Task to complete
Only the lines from the one holding "Focusnorm 2pcs Scarf" to the end of the data should be echoed, exactly as they appear, minus the pictures.
START Source material
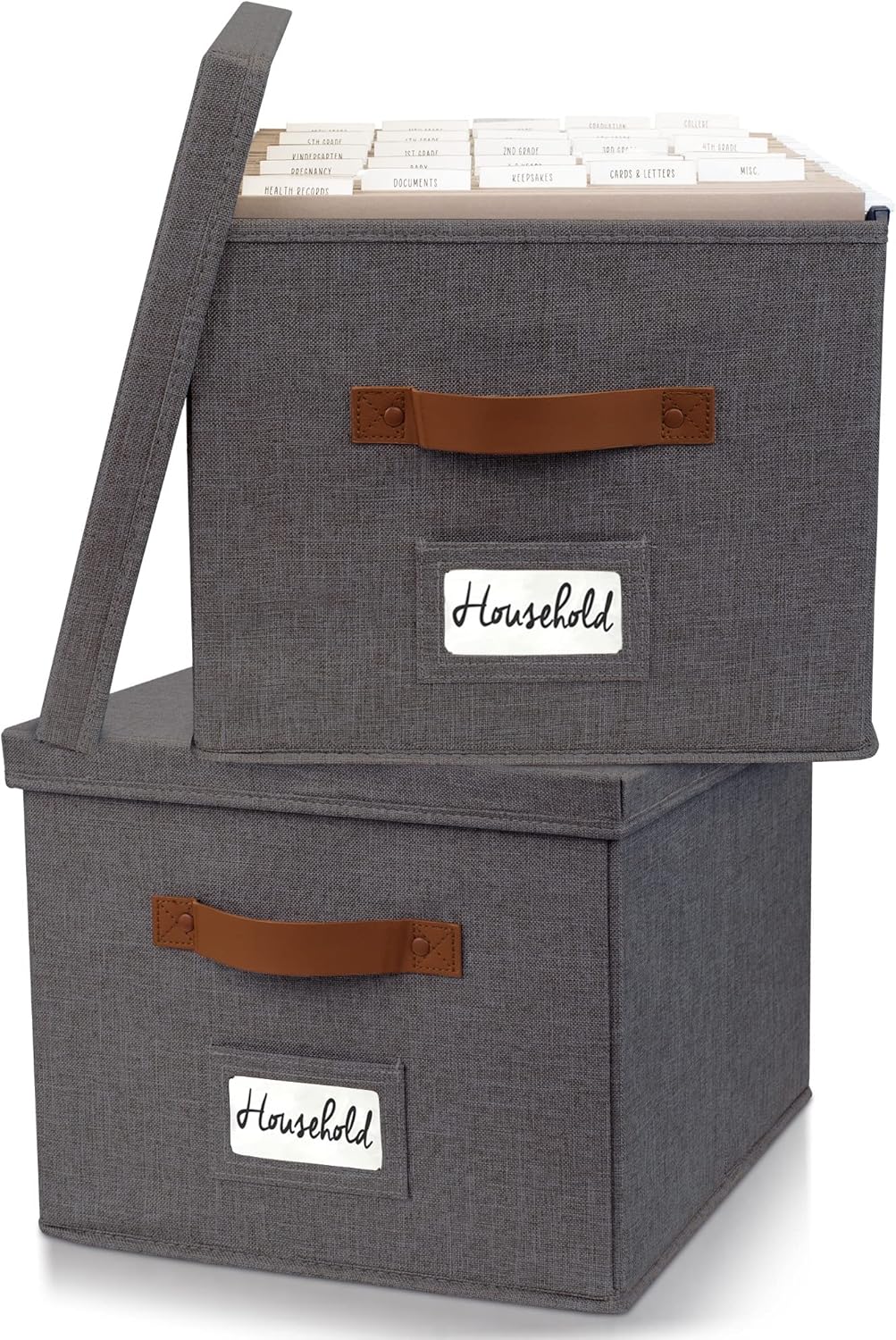 ZICOTO Decorative File Organizer Box Set of 2 - Collapsible Linen Filing Cabinets with Handles Are Perfect to Store All Your Documents & Hanging File Folders - Portable Easy Slide Crates with Lid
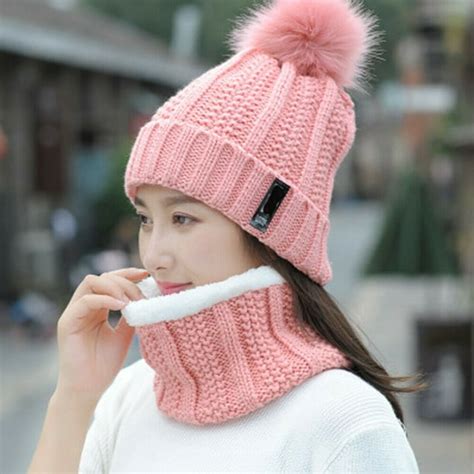 Focusnorm 2pcs Scarf Hat Set Women Winter Warm Solid Pompoms Knitted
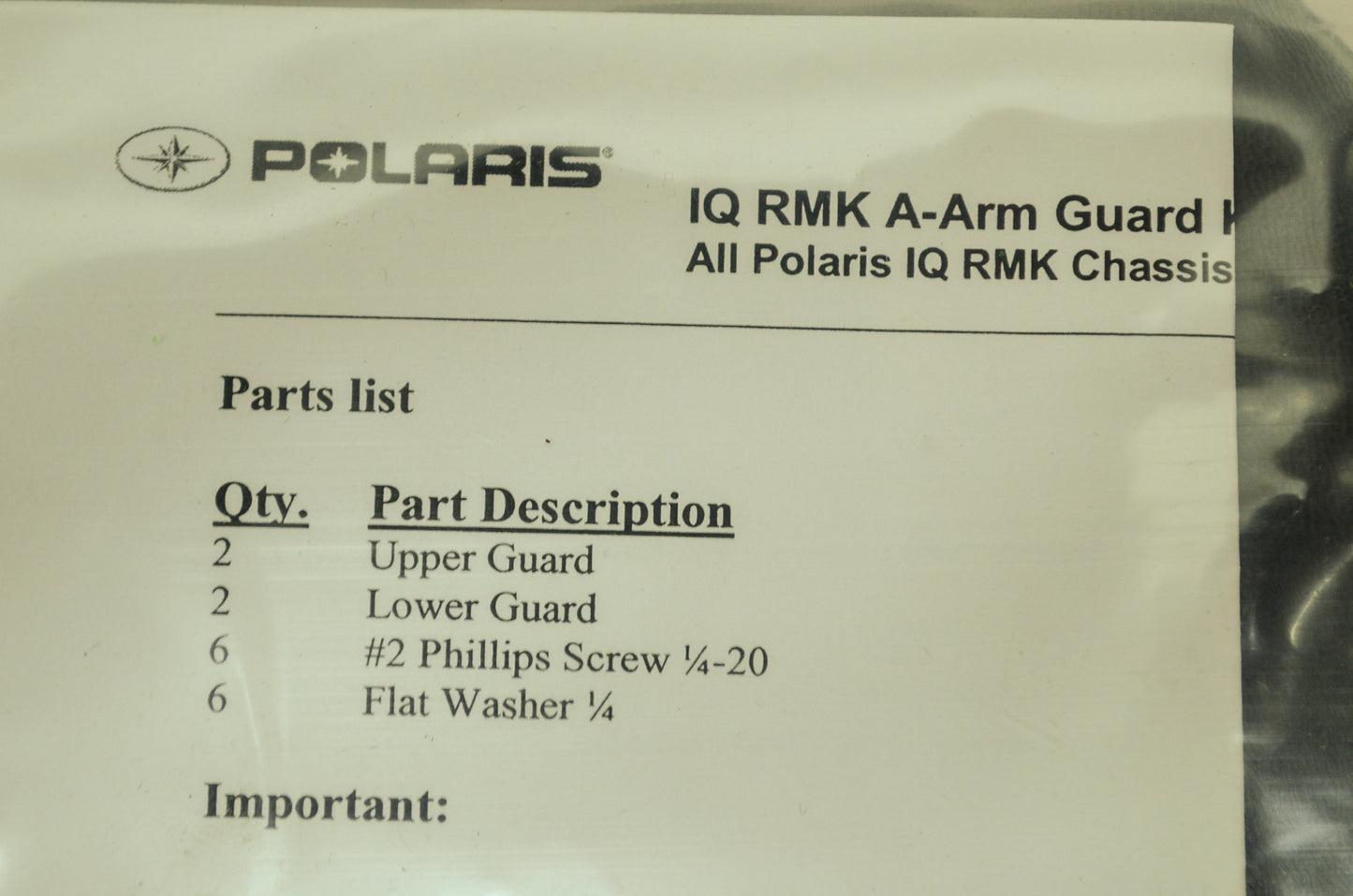 NEW OEM Polaris A-Arm Guard Kit Black IQ RMK NOS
END Source material
Answer box
 Focusnorm 2pcs Scarf Hat Set Women Winter Warm Solid Pompoms Knitted
 NEW OEM Polaris A-Arm Guard Kit Black IQ RMK NOS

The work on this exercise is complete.